Anang sangat membuka kesempatan anak muda Dayak Pitap di Kambiyain untuk terlibat dalam forum-forum penting, sebagaimana nantinya mengetahui perjuangan para tetuha adat. Walaupun, dia menyebut kondisi waktu yang kerap berseberangan dengan rutinitas kawula muda dengan orang tua sering berlawanan, sehingga kerap yang berangkat hanya perwakilan tetuha adat saja.

Kepala Desa Kambiyain, Anang Suriani tengah menjelaskan kondisi kawasan hutan adat dan hutan keramat, serta membahas generasi anak Dayak Pitap ke depannya.

“Mari, anak muda Dayak Pitap menciptakan rasa peduli terhadap desa kita. Sejak ini, kita terus mengupayakan itu agar terjaga tanah leluhur di sini,” ujarnya.
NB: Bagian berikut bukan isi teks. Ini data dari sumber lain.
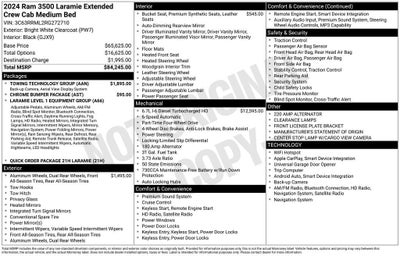 2024 RAM 3500 Laramie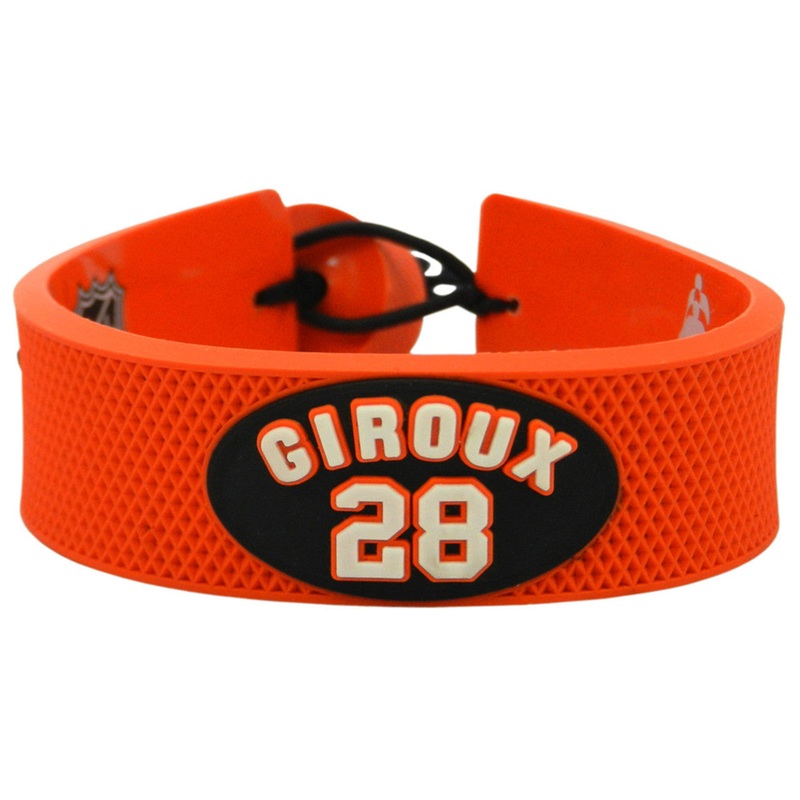 Gamewear Philadelphia Flyers Team Color Jersey Claude Giroux Hockey Bracelet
Kepala Desa Kambiayin mencatat sejumlah anak Dayak Pitap yang mengenyam pendidikan dari TK, SD, SMP, SMA hingga melanjutkan ke perguruan tinggi. Sesuai hasil catatan dari Kasi Pemerintahan Desa (Pemdes), dia memperlihatkan nama-nama yang tengah melanjutkan kuliah di Balangan, Banjarmasin, Banjarbaru dan sebagainya.

Nama-nama remaja yang tengah melanjutkan kuliah itu dilampirkan sebagai berikut: Megawati, Salma, Erianti, Rima, Jannah, Nopawati, Idayasa, Rima, Desy Daila Putri, Saruto dan Salman, yang terdiri dari 9 perempuan dan 2 laki-laki.